Edge reached for the door latch. ‘I think I’ll maybe go after them and try to find that out, Sue Ellen.’

‘Are you in any state of health for riding?’

‘I figure a lot of what we feel as pain is in the mind. And if a man has something else to occupy him, it helps to ease what ails him.’

‘Okay, on your own mind be it,’ she said.

He left her standing in the doorway while he went around to the rear of the building and into the stable that was shared with the owner of the neighbouring meat market owner. He had just begun to saddle the chestnut gelding in the light of a kerosene lamp when he heard a sound behind him, turned too sharply and uttered a low groan of pain: scowled at the woman standing in the doorway.

‘Was that some kind of medical test you ran on my fitness to be doing this?’ He instantly regretted the irritation that rasped in his tone.

‘I just thought you might have need of this?’ Her resentment lasted for only a moment as she held out the gunbelt with a walnut butted Colt in the holster he had earlier 131

hung on the peg behind the door in the parlour. ‘But I see you have a rifle in the bucket. So maybe I should have the pistol?’

She started toward the other stall where Wyatt Ramsay’s horse stood.

‘What do you think you’re doing, Sue Ellen?’

‘You attend to your own business,’ she answered with as much firm determination in her voice as in her actions. ‘Wyatt and me are old friends. He won’t mind if I borrow his horse for awhile.’

‘To go where?’

‘Where do you think? With you, of course.’

‘I go alone, lady!’ He finished preparing his horse for riding and turned to face the woman.

‘So I’ll tag along behind you.’ She surrendered the gunbelt into his outstretched hand and went on as he buckled it around his waist then fastened the holster toe ties:

‘You’re still my patient and in case you need any more medical care, I should be close by.’

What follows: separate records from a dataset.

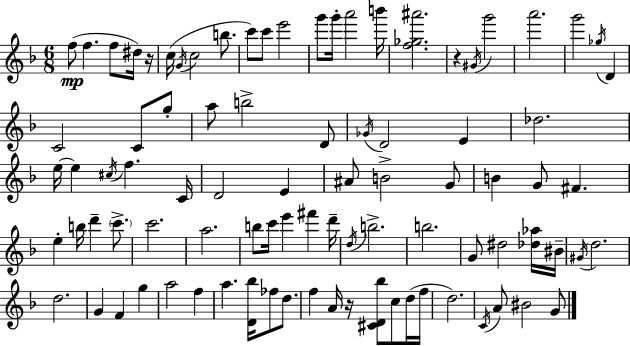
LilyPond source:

{
  \clef treble
  \numericTimeSignature
  \time 6/8
  \key d \minor
  f''8(\mp f''4. f''8 dis''16) r16 | c''16( \acciaccatura { g'16 } c''2 b''8. | c'''8) c'''8 e'''2 | g'''8 g'''16-. a'''2 | \break b'''16 <f'' ges'' ais'''>2. | r4 \acciaccatura { gis'16 } g'''2 | a'''2. | g'''2 \acciaccatura { ges''16 } d'4 | \break c'2 c'8 | g''8-. a''8 b''2-> | d'8 \acciaccatura { ges'16 } d'2 | e'4 des''2. | \break e''16~~ e''4 \acciaccatura { cis''16 } f''4. | c'16 d'2 | e'4 ais'8 b'2-> | g'8 b'4 g'8 fis'4. | \break e''4-. b''16 d'''4-- | \parenthesize c'''8.-> c'''2. | a''2. | b''8 c'''16 e'''4 | \break fis'''4 d'''16-- \acciaccatura { d''16 } b''2.-> | b''2. | g'8 dis''2 | <des'' aes''>16 bis'16-- \acciaccatura { gis'16 } d''2. | \break d''2. | g'4 f'4 | g''4 a''2 | f''4 a''4. | \break <d' bes''>16 fes''8 d''8. f''4 a'16 | r16 <cis' d' bes''>8 c''8 d''16( f''16 d''2.) | \acciaccatura { c'16 } a'8 bis'2 | g'8 \bar "|."
}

She coaxed the grey gelding out of the stall and expertly hefted a saddle on to his back without looking at Edge. ‘And there’s no point in arguing with me, is there? Because unless you lock me up in here – and you’d need to tie and gag me to keep me from yelling blue murder and doing anything else necessary to raise a stink which would – ‘

‘All right, all right: we’re wasting time!’ He led his horse to the doorway.

‘You’re the one doing that.’ Her tone was defensive in response to his peevishness. Because she had no aches and pains to hamper her, Sue Ellen was much faster than he had been in cinching the saddle securely to the horse. And Edge hardly had time to haul himself awkwardly astride the chestnut before she appeared from the stable and swung aloft the grey with the same smooth ease with which she had put the saddle on the horse.

‘Tell me something?’ he asked as he led the way down the alley.

‘If I can.’

‘Is there anything you’re not good at?’

‘There’s one thing for sure.’ They started along the street in the same direction taken by the buggy and four riders.’

‘That surprises me.’ Without any conscious effort, his mood had lightened.